In der vorletzten Woche des vergangenen Schuljahrs hatten wir, als Chemie Leistungskurs von Frau Bernhardt, erstmalig die Möglichkeit ein Praktikum am Standort in Merseburg durchzuführen. Der Schwerpunkt lag dabei auf dem Recycling von Kunststoffen.
Nach einer kurzen theoretischen Einführung startete das Praktikum mit einer Versuchsreihe zum Erkennen von Kunststoffen. Um sie voneinander zu unterscheiden, haben wir die Proben auf Dichte, etwaige Flammfärbung und beim Erhitzen entstehende Schwelgase untersucht.

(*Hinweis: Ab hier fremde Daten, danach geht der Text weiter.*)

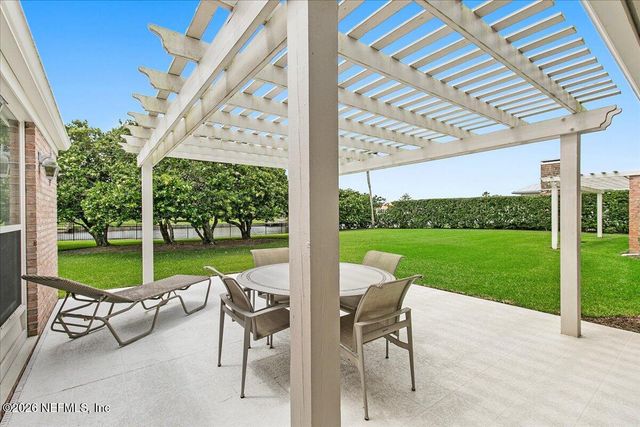 16 LA VISTA Drive, Ponte Vedra Beach, FL 32082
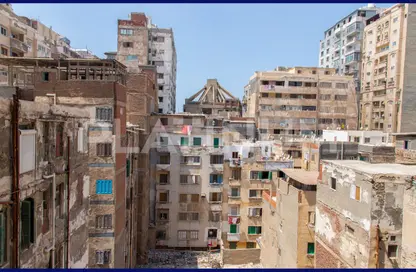 شقة - 3 غرف نوم - 2 حمامات للبيع في شارع بورسعيد - سبورتنج - حي شرق - الاسكندرية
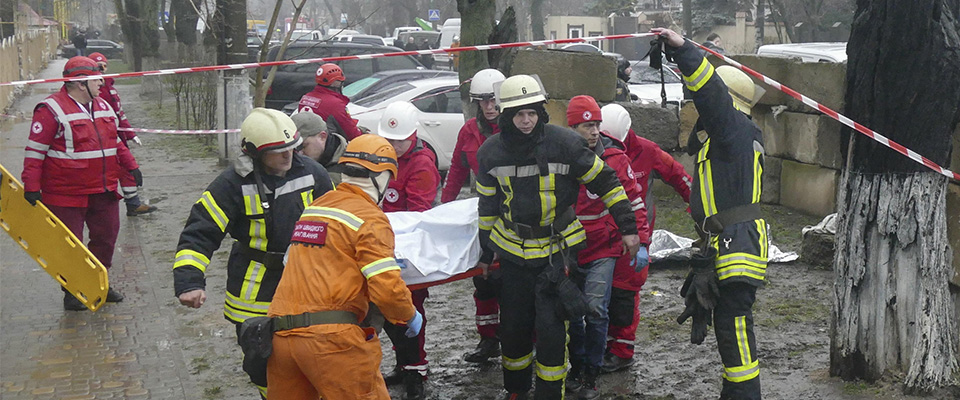 Putin festeggia la sua scontata rielezione lanciando un missile ipersonico: strage a Odessa, 16 morti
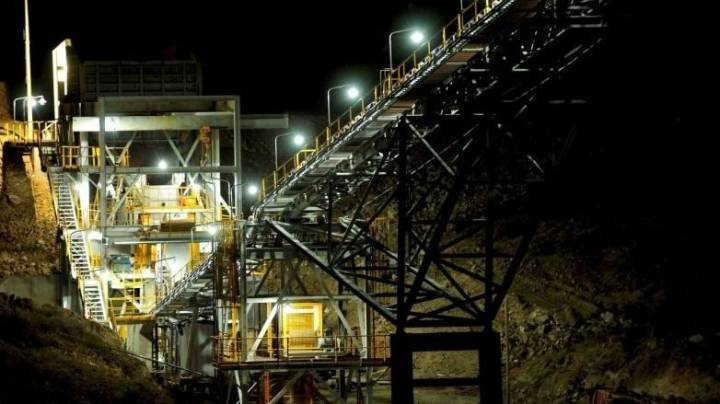 Tras la finalización del reporte técnico, Casposo retoma su actividad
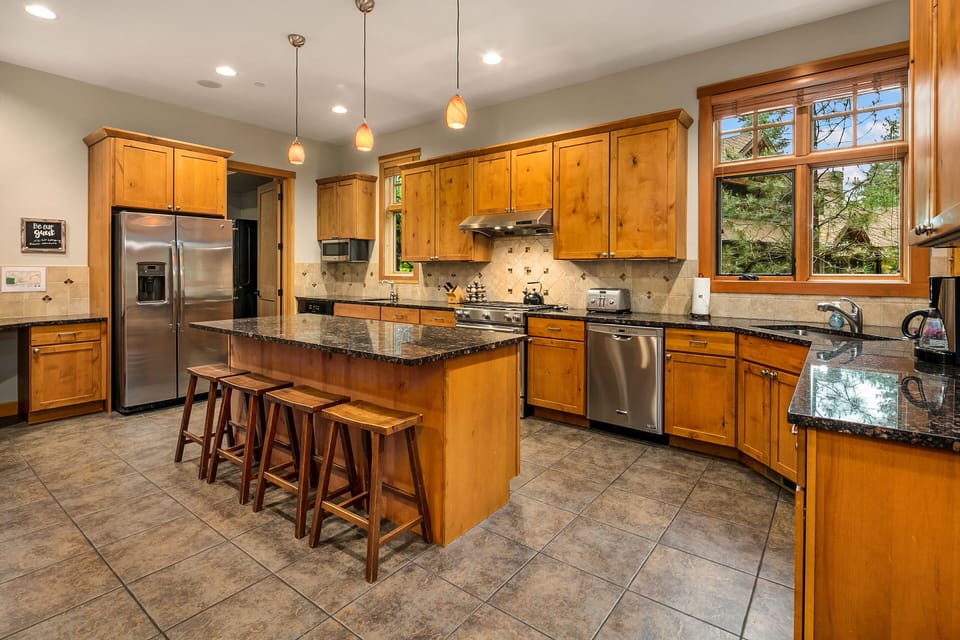 Mountainstar Lodge - Fully stocked Chef's Kitchen.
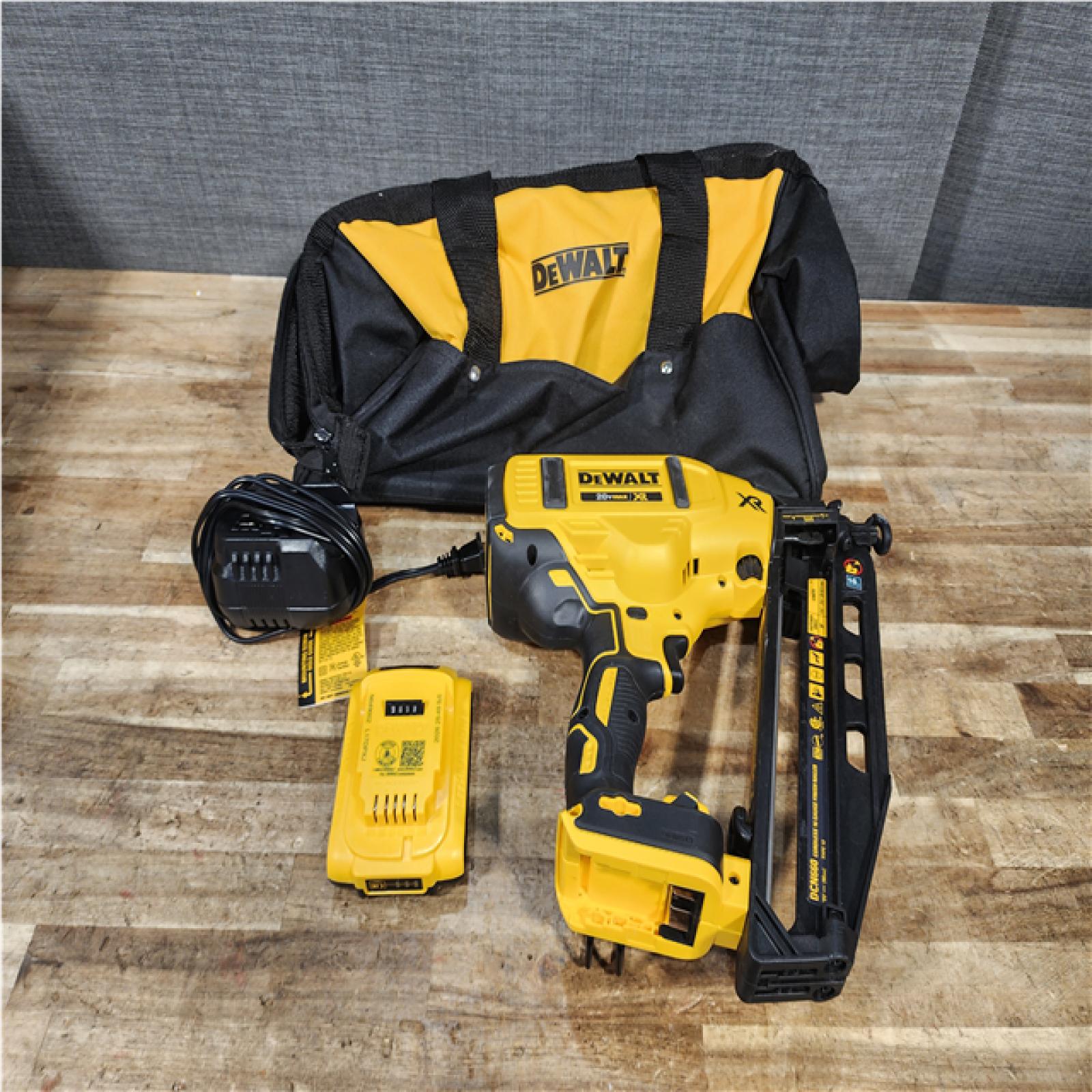 Houston Location AS-IS DEWALT 20V MAX XR 16-Gauge Electric Cordless Angled Finishing Nailer Kit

Beim nächsten Versuch ging es um Kunststoffextrusion. Das ist ein Verarbeitungsverfahren für Thermoplaste, bei dem das Ausgangsmaterial erhitzt, durchmischst und durch eine Düse gedrückt wird. Dabei konnten wir viele Parameter verändern, sodass neue Kunststoffe mit teilweise sehr verschiedenen Eigenschaften entstanden. Zum Beispiel haben wir den Anteil an beigemischten organischen Fasern variiert.Um quantitativ zu bestimmen, wie sich das auf Zähigkeit und Festigkeit des Kunststoffs auswirkt, fanden am nächsten Tag mehrere Versuche zur Materialprüfung statt. Dazu haben wir zunächst selbst Prüfkörper im Spritzgussverfahren hergestellt.Im Anschluss daran fanden ein Zug- und ein Biegeversuch statt. Die Prüfkörper wurden über ihre Belastungsgrenze hinweg deformiert und die benötigte Kraft gemessen. Daraus lassen sich Rückschlüsse auf die Materialeigenschaften und mögliche Anwendungen ziehen. So etwa wie groß der Anteil an nachwachsenden Naturfasern sein kann, ohne die Qualität signifikant zu beeinträchtigen.
Von Mittwoch bis Freitag ging es um das chemische Recycling von PET, ein Kunststoff aus dem beispielsweise Einwegflaschen bestehen. Wie alle Kunststoffe (Polymere) besteht PET aus Ketten sich wiederholender Grundeinheiten (Monomere). Zur Wiederverwertung müssen die Bindungen zwischen den einzelnen Monomeren aufgespalten werden. Danach können sie wieder zusammengesetzt und neue Produkte hergestellt werden.
Wir konnten dazu zwei unterschiedliche Verfahren ausprobieren: Die Glycolyse und die basische Hydrolyse.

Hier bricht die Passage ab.